A personal development speaker I often listen to delivers a set of talks on developing personal guardrails designed to prevent us from going off the deep end emotionally and relationally. Similarly as we explore this new age of artificial intelligence (AI) people are recognizing that we could use a set of guardrails to help guide our collective decisions using this new technology.

Collective guardrails generally include social norms, laws, and rules. Do we have any existing guardrails that will help us navigate AI? Where might they come from? What guardrails might work? Which might fall short?

Guardrails: Guiding Human Decisions in the Age of AI by Urs Gasser and Viktor Mayer-Schönberger came out recently. I promised to read and review it a couple of months ago. It got buried amongst other reading, plus it is not one of those “skim through” business books. This book has real meat. Based on the latest insights from the cognitive sciences, economics, and public policy, Guardrails offers a novel approach to shaping decisions by embracing human agency in its social context.

The authors with meticulous research lead us through technology approaches and social approaches through laws and regulations revealing the benefits but also the shortcomings of each.

From the press release: In this visionary book, Urs Gasser and Viktor Mayer-Schönberger show how the quick embrace of technological solutions can lead to results we don’t always want and explain how society itself can provide guardrails more suited to the digital age, ones that empower individual choice while accounting for the social good, encourage flexibility in the face of changing circumstances, and ultimately help us to make better decisions as we tackle the most daunting problems of our times, such as global injustice and climate change.

They conclude, “We hope that our readers—and everyone in governments, companies, and communities tasked with confronting some of humanity’s biggest challenges—will embrace this timely opportunity to think about and experiment with smarter guardrails to work toward better, fairer, and more sustainable futures.”

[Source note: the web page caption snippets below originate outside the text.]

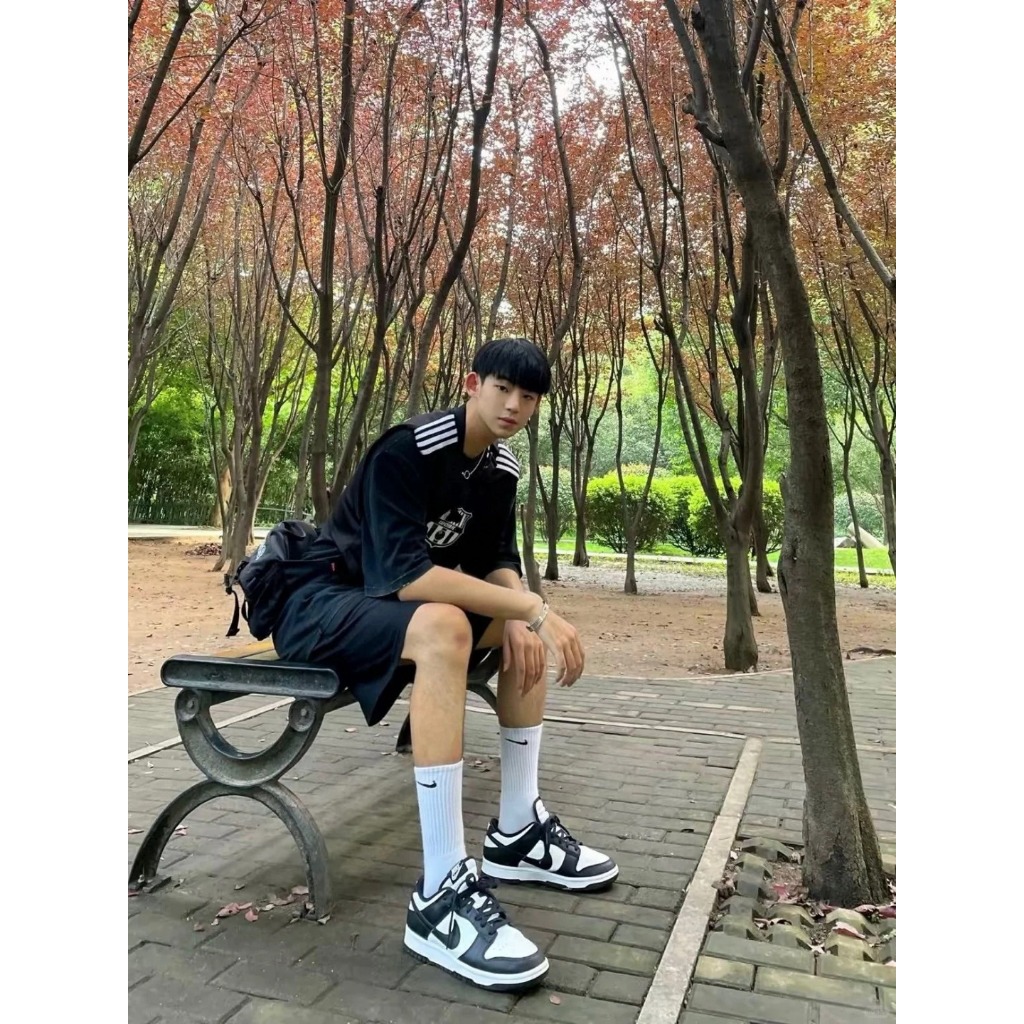💛ของแท้ 100%💛ไนกี้ DUNK LOW แพนด้าดำ/ขาว รองเท้าผ้าใบไม่หุ้มข้ออินเทรนด์สุดคลาสสิก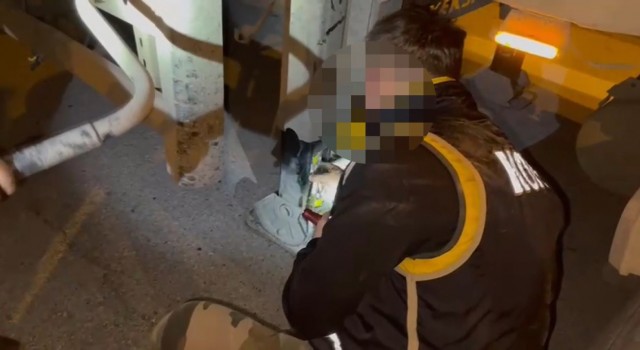 Mersinde 1 milyon 464 bin adet kaçak makaron ele geçirildi
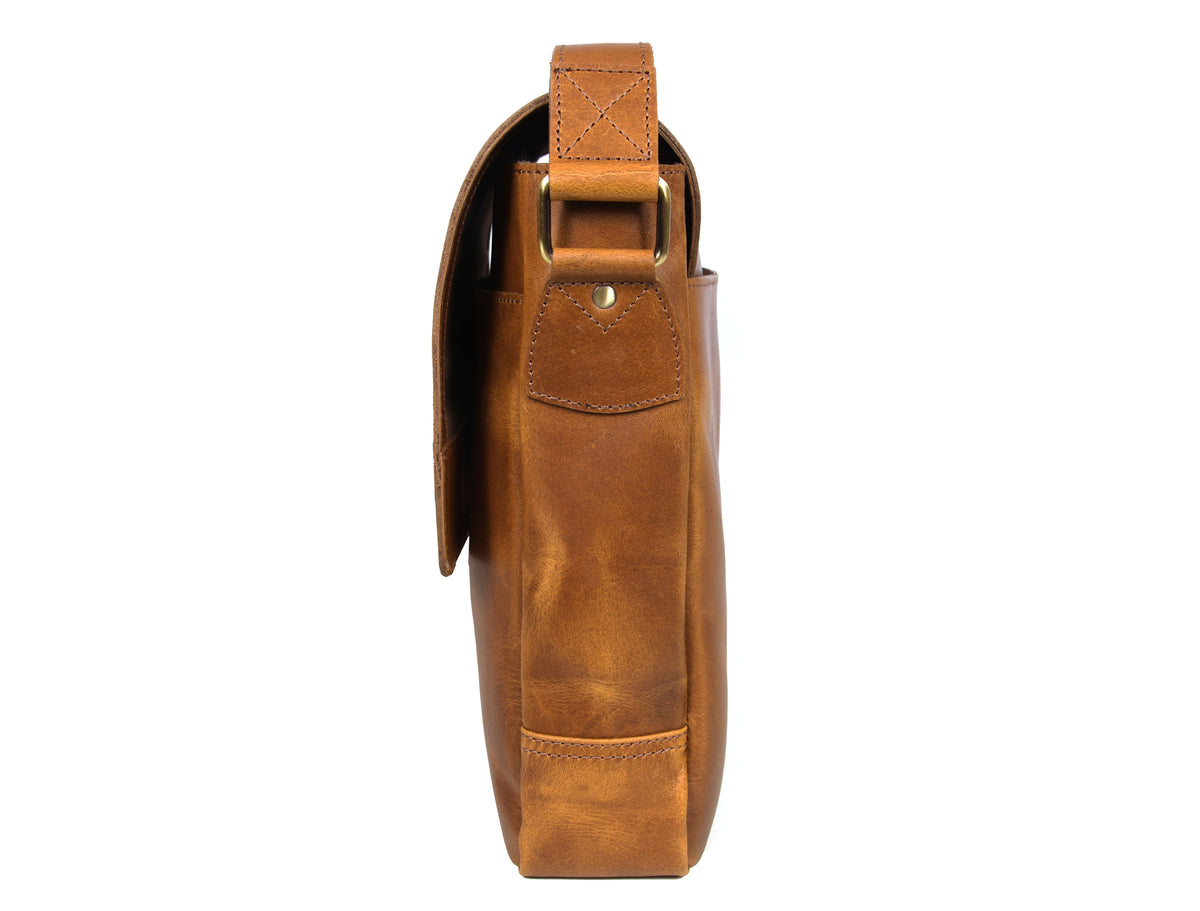 Spruce Leather Messenger Bag - Tawny Brown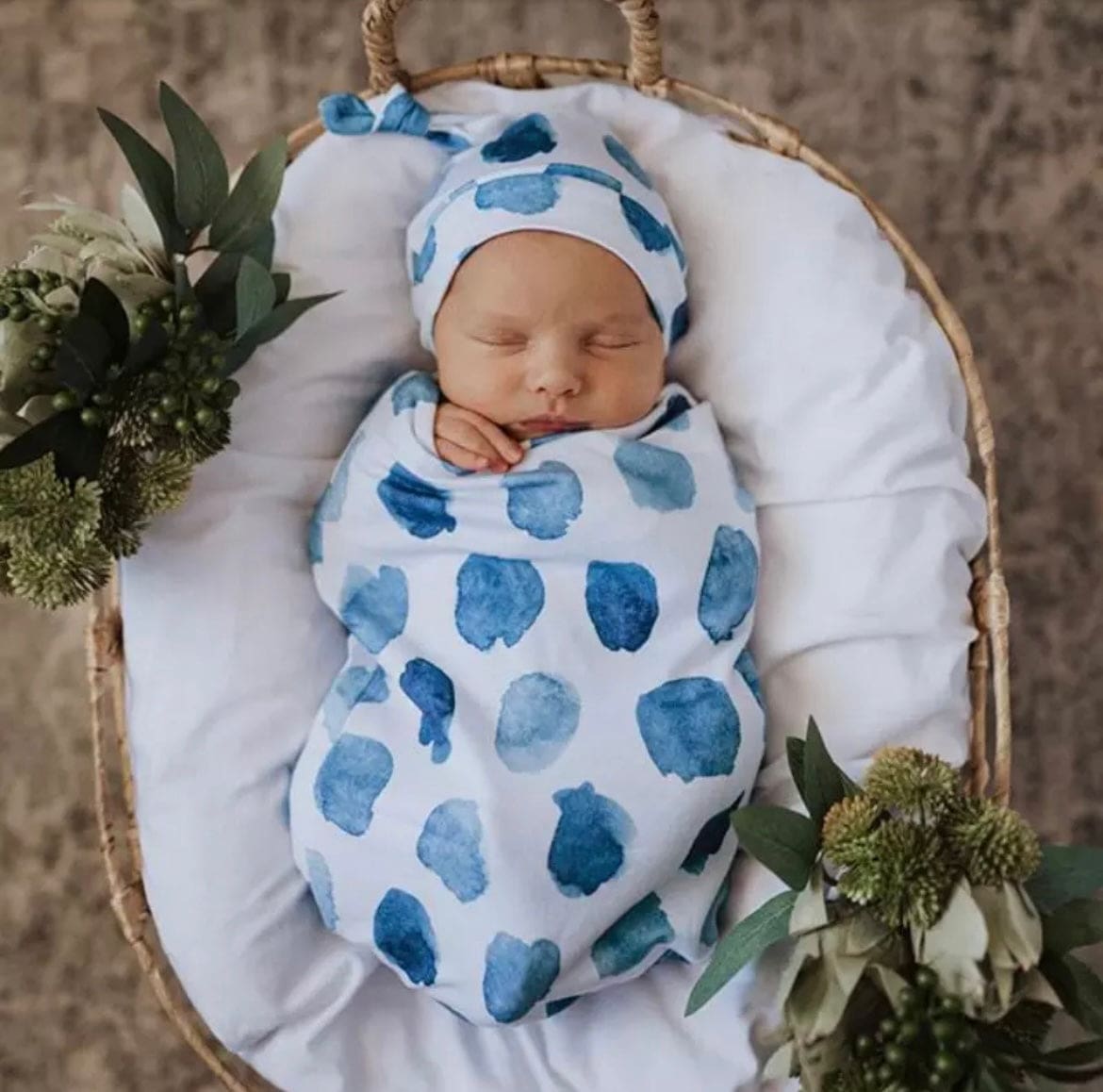 Newborn Lightweight Swaddle & Cap - Image 11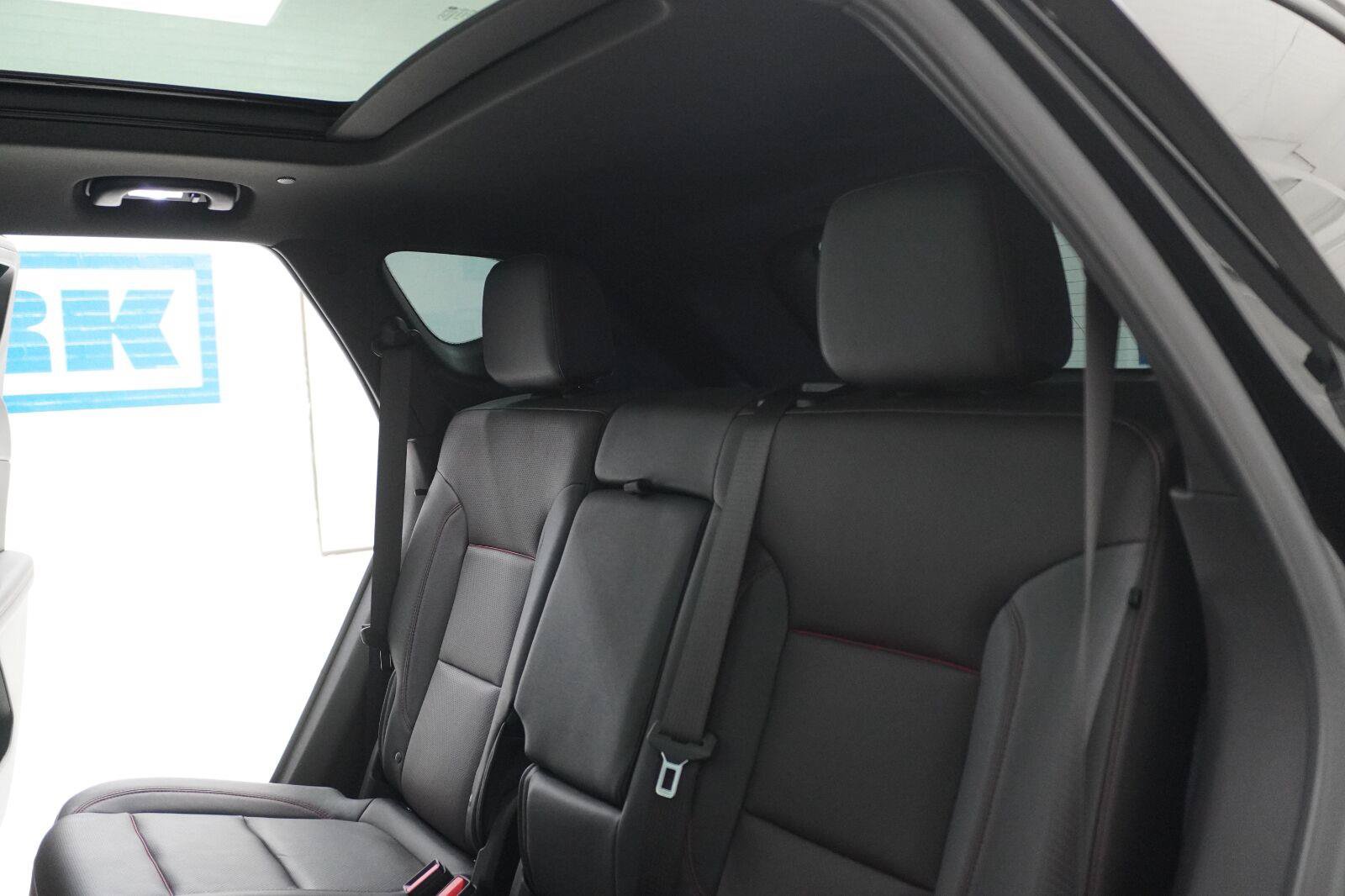 Used 2023 Chevrolet Blazer RS w/ Driver Confidence II Package FWD image 31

Urs Gasser is professor of public policy, governance, and innovative technology and dean of the School of Social Sciences and Technology at the Technical University of Munich. His books include (with John Palfrey) Born Digital: How Children Grow Up in a Digital Age. Viktor Mayer-Schönberger is professor of internet governance and regulation at the University of Oxford. His books include Delete: The Virtue of Forgetting in the Digital Age (Princeton).